Every year, many scientists get sick from Sathethes mosquitoes while spending time in the Amazon. Especially for photographers, many people even expose themselves to mosquitoes to get satisfying pictures.
Though beautiful, the Sathethes mosquito is an intermediate target for many dangerous diseases – (Photo: Flickr)
Like over 3,300 different species of mosquitoes known throughout the world, only female Sathethes eat flood water, the rest of the time they feed on nectar.
When feeding, their hind legs point forward, not to pose, but since the legs are sensitive, they detect movement and allow themselves to flee in case of danger.
Interesting facts about the beauty of the most splendid mosquito in the world
What is the shiny lollipop in the middle of the foot for?
To flirt with a partner, of course.
When a male Sathethes mosquito encounters a female mosquito, it will try to get closer and land on a tree branch. Male mosquitoes will attach a flap to the female’s wing to prevent the mate from flying away. Next, the male begins to jump, moving the other oars. Immediately afterward, the male mosquito will move its front legs and body in a regular, rhythmic fashion.
In order to have a chance to mate, male mosquitoes are also very persistent.
This courtship dance is very energetic and directly affects the lifespan of male mosquitoes. But for them, passing it on to the next generation is much more important. Also, in order to have a chance to mate, male mosquitoes are also very persistent. If the female does not respond, the male mosquito will repeat the whole dance without stopping, until the female accepts or drives him away.
In particular, male mosquitoes in the reproductive stage not only search for females, but also “express pleasure and pleasure with mates, approach and dance in court.” “Flirting” males are mostly calm, sometimes kicking the hyperactive male to his dismay.
There is an injustice in the natural world that most male animals have more colorful and beautiful coats than females.

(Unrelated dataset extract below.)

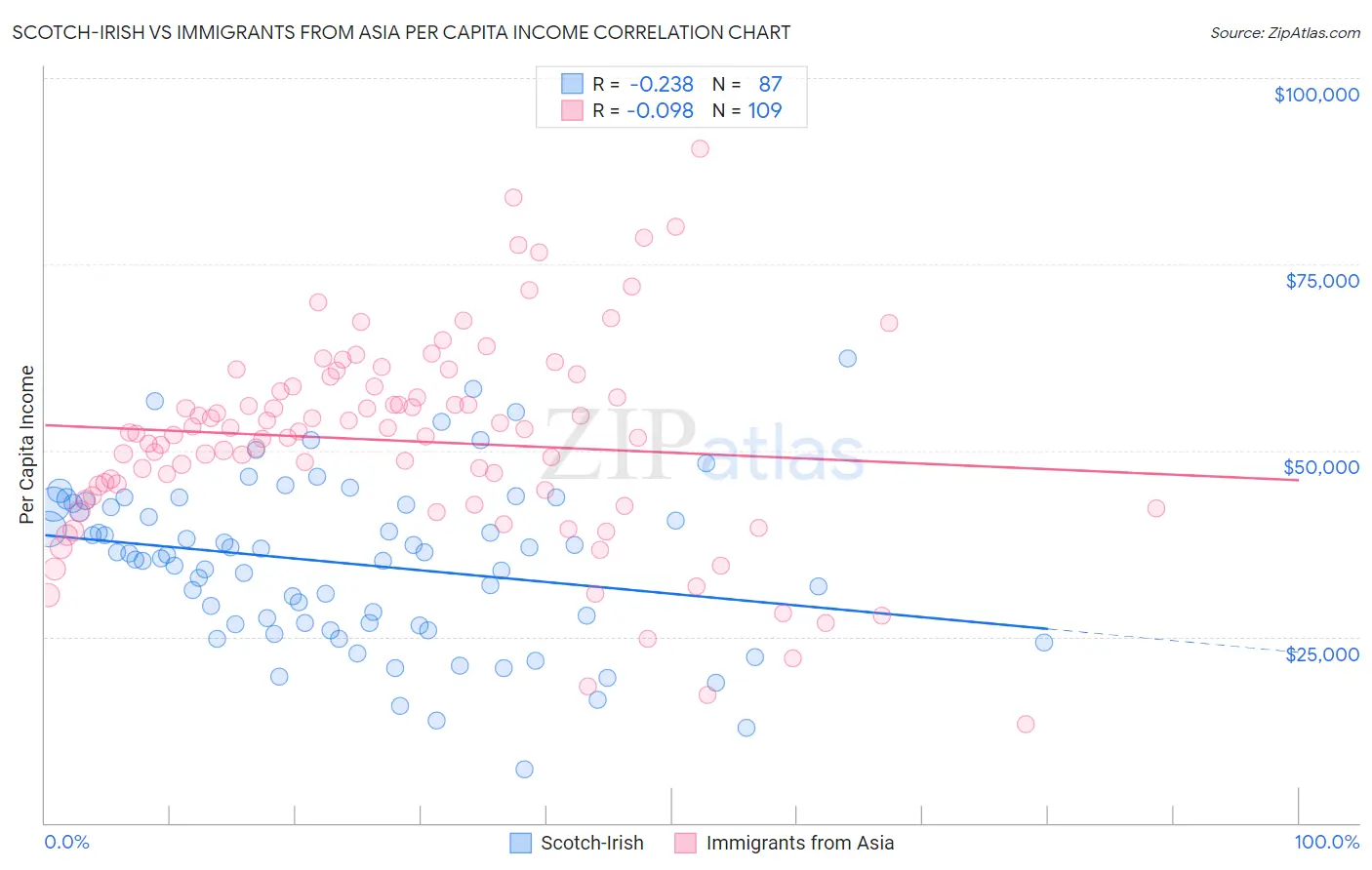 Scotch-Irish vs Immigrants from Asia Per Capita Income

For example, chickens, peacocks… However, Sathethes cyaneus is different, the female mosquito is as beautiful as the male, which surprised evolutionary researchers.

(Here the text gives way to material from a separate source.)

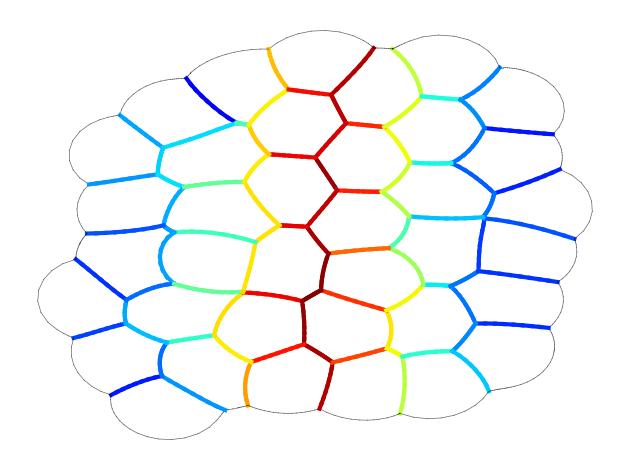 ../_images/examples_static_in_silico_13_0.png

The female mosquito (left) and the male mosquito (right) both have shiny hairy midlegs, but the adomen is different: the male’s thigh is slightly enlarged at the end, the female’s is narrow.
Can unattractive male mosquitoes find a mate?
In the wild, females are often a relatively scarce resource, and males face stiff competition for limited mating opportunities. Some males decide to win the war of the flies, like the moose; Some males win hearts and constantly display their beauty, like peacocks. Under this selection pressure, females tend to go unnoticed, while males are alluring and attractive.
However, Sathethes cyaneus is not just a rare “male and female” species found in the wild; Male mosquitoes can also find a mate even without conspicuous fins.
Researchers at Uppsala University (Sweden) carried out a series of experiments to find out why both male and female Saethes cyaneus mosquitoes are beautiful. They found that removing the conspicuous fins from the males did not significantly reduce their mating success. Males without blades can still jump to attract females, and the probability of being accepted as a female is no less than that of male blade-footed mosquitoes.
But on the contrary, if the female does not have fins, the chances of being preferred by the male drop drastically. In other words, although the males appear to be performing the dance to flirt with the female and show off her large oars, they are actually examining the female’s choice of oars before performing the dance.
Later research showed that the size of the female’s fins is directly proportional to fertility. When females have large fins, this indicates that they have strong breeding abilities and attract more courting males.
Three mosquitoes in the image: the male on the far left is flirting with the female in the middle, and the male on the far right stands and watches.